Prima lettura: Esodo 3,1-8.13-15

           In quei giorni, mentre Mosè stava pascolando il gregge di Ietro, suo suocero, sacerdote di Madian, condusse il bestiame oltre il deserto e arrivò al monte di Dio, l’Oreb.  L’angelo del Signore gli apparve in una fiamma di fuoco dal mezzo di un roveto. Egli guardò ed ecco: il roveto ardeva per il fuoco, ma quel roveto non si consumava. Mosè pensò: «Voglio avvicinarmi a osservare questo grande spettacolo: perché il roveto non brucia?». Il Signore vide che si era avvicinato per guardare; Dio gridò a lui dal roveto: «Mosè, Mosè!». Rispose: «Eccomi!». Riprese: «Non avvicinarti oltre! Togliti i sandali dai piedi, perché il luogo sul quale tu stai è suolo santo!». E disse: «Io sono il Dio di tuo padre, il Dio di Abramo, il Dio di Isacco, il Dio di Giacobbe». Mosè allora si coprì il volto, perché aveva paura di guardare verso Dio.

Il Signore disse: «Ho osservato la miseria del mio popolo in Egitto e ho udito il suo grido a causa dei suoi sovrintendenti: conosco le sue sofferenze. Sono sceso per liberarlo dal potere dell’Egitto e per farlo salire da questa terra verso una terra bella e spaziosa, verso una terra dove scorrono latte e miele». Mosè disse a Dio: «Ecco, io vado dagli Israeliti e dico loro: “Il Dio dei vostri padri mi ha mandato a voi”. Mi diranno: “Qual è il suo nome?”. E io che cosa risponderò loro?».  Dio disse a Mosè: «Io sono colui che sono!». E aggiunse: «Così dirai agli Israeliti: “Io Sono mi ha mandato a voi”». Dio disse ancora a Mosè: «Dirai agli Israeliti: “Il Signore, Dio dei vostri padri, Dio di Abramo, Dio di Isacco, Dio di Giacobbe mi ha mandato a voi”. Questo è il mio nome per sempre; questo è il titolo con cui sarò ricordato di generazione in generazione».        

 Nei primi due capitoli del libro dell’Esodo abbiamo storie di oppressioni e violenze ai danni di un popolo che vive in schiavitù. D’altra parte, anche l’iniziativa «autonoma» di Mosè fallisce perché offuscata da sospetti, ombre, paure.
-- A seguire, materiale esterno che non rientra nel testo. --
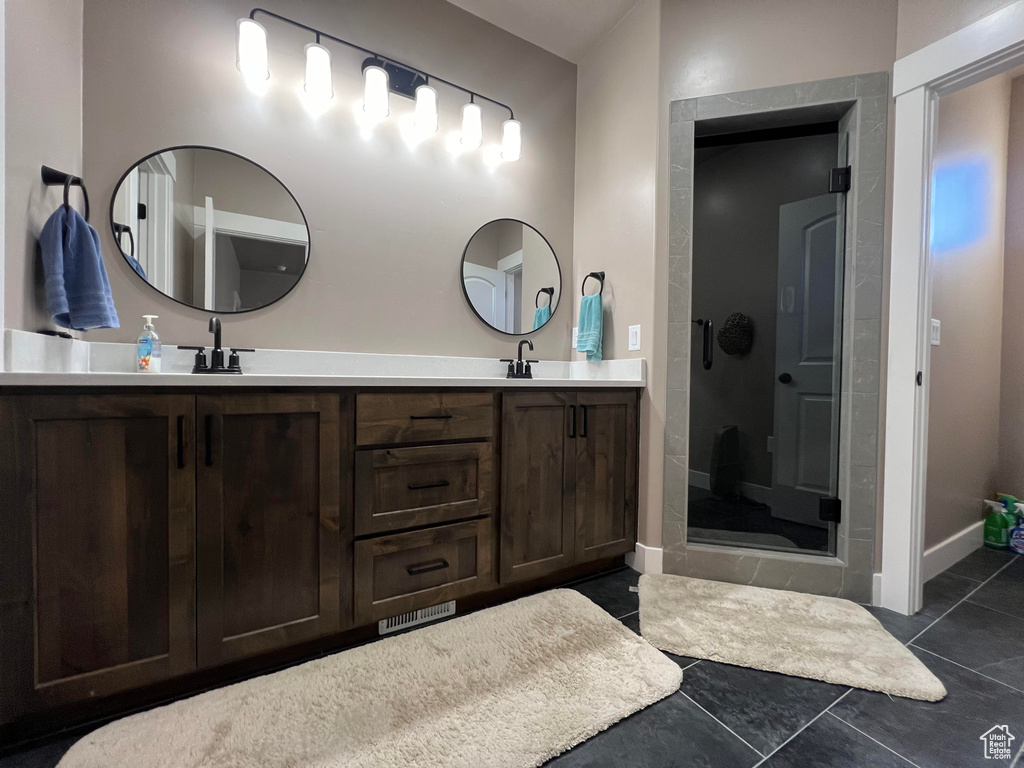 Bathroom with tile patterned flooring, vanity, and a shower with door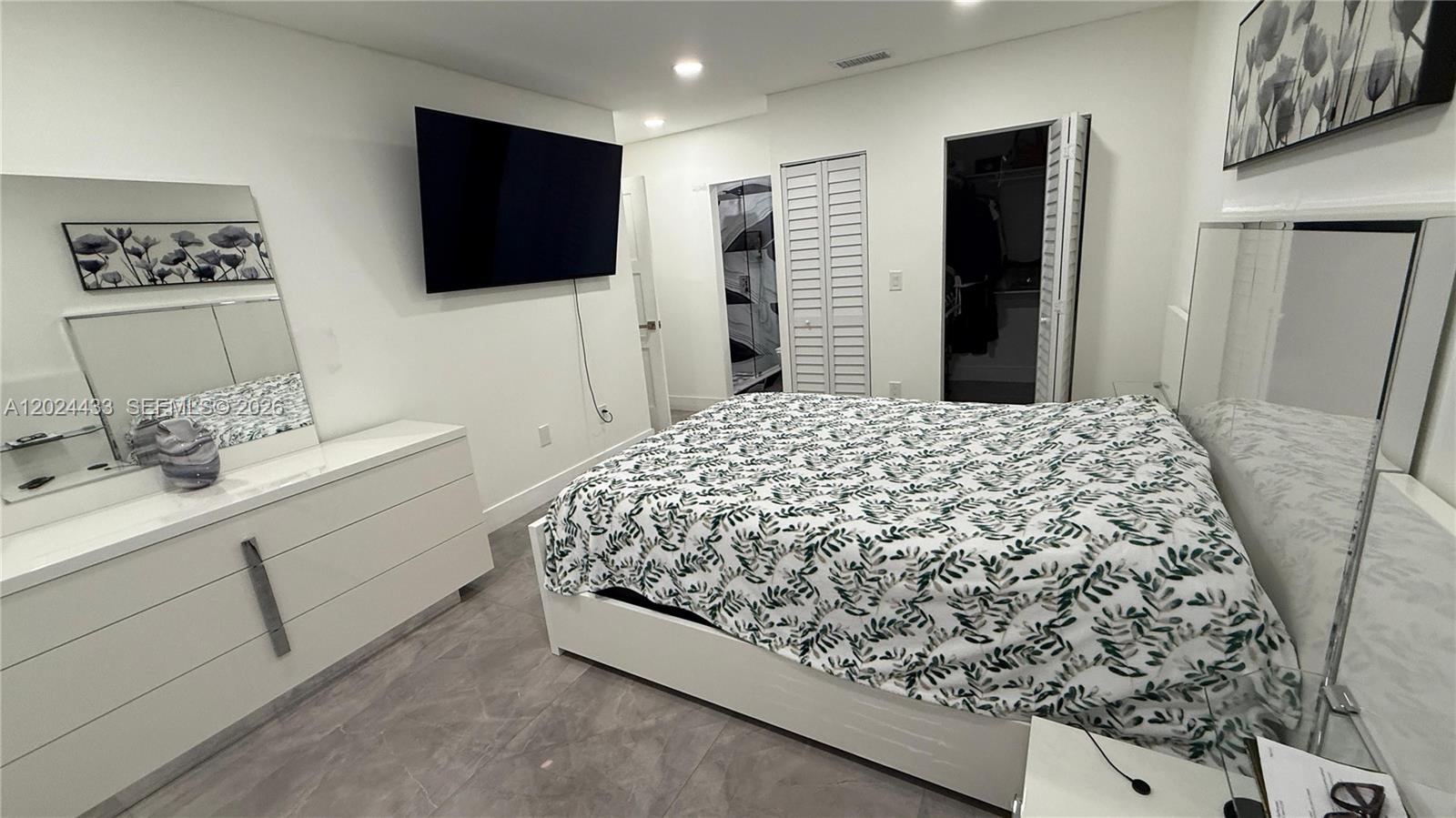 13675 Southwest 62nd Street, Unit 2023 Miami, FL 33183 - Photo 12 of 22 a spacious bedroom with a bed and a flat screen tv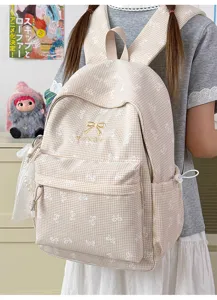 Vue détaillée d'un cartable à carreaux beige avec une broderie de nœud doré élégante.
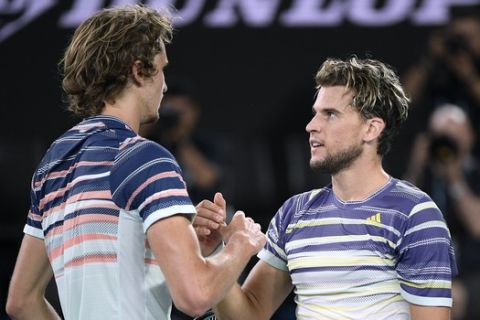 Austria's Dominic Thiem, right, is congratulated by Germany's Alexander Zverev after winning their semifinal match at the Australian Open tennis championship in Melbourne, Australia, Friday, Jan. 31, 2020. (AP Photo/Andy Brownbill)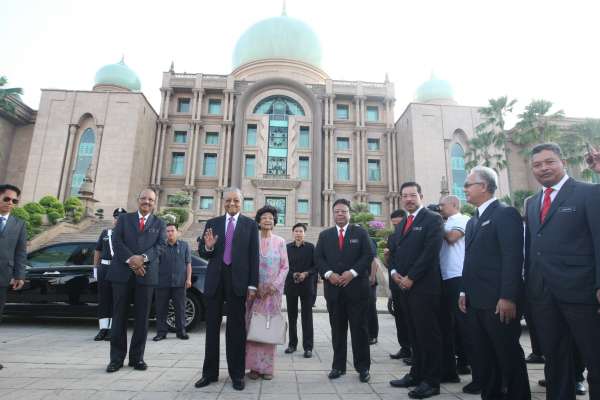 首相马哈迪（中）与夫人敦西蒂哈丝玛医生在阿里韩沙（右）的迎接下，步入首相署广场出席常月集会。 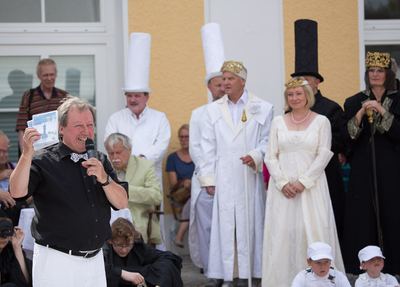 Moderator hält eine Karte hoch, hinter ihm reihen sich Türme, Königspaare und ein Läufer beider Farben auf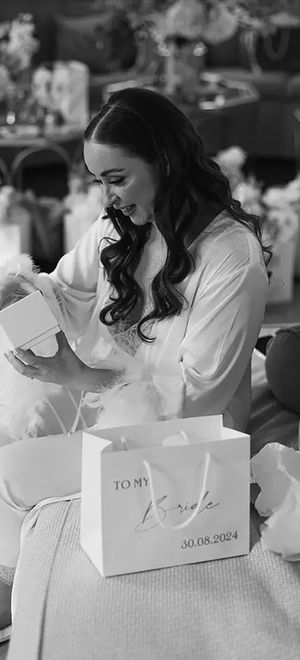 bride opening gifts on the wedding morning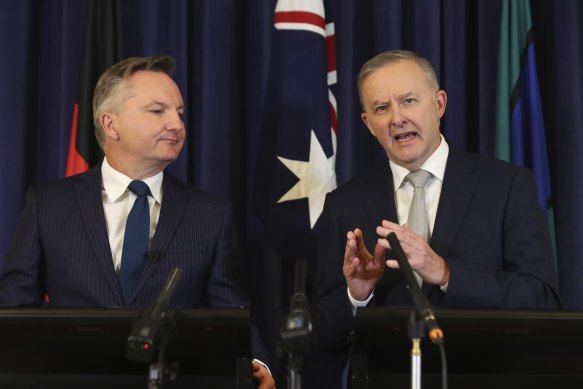 Labor’s climate spokesman Chris Bowen and leader Anthony Albanese. Mr Albanese reminded caucus members on Tuesday he had often said he would “kick with the wind in the fourth quarter” of the election cycle.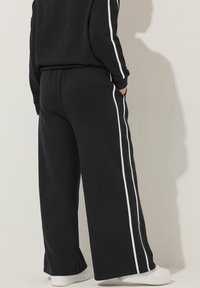Person med svarta vida byxor med vita sidremsor och matchande svart topp, stående med händerna i fickorna och vita sneakers.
Storia di miserie umane dove Dio

non è presente. Finché non giungiamo alla fine del cap. 2, vv. 23-24 «Gli Israeliti gemettero… Allora Dio ascoltò il loro lamento, si ricordò della sua alleanza con Abramo, Giacobbe». Vocazione e missione di Mosè si pongono ad immediato seguito di questa iniziativa libera e gratuita di Dio.

— Il racconto della vocazione di Mosè contiene momenti caratteristici e costanti di simili narrazioni bibliche. Abbiamo uno schema tripartito:

  1. a) chiamata di Dio (vv. 1-10);
  2. b) obbiezioni del vocato (vv. 11.13);
  3. c) il segno e la protezione di Dio (vv. 12.14-15)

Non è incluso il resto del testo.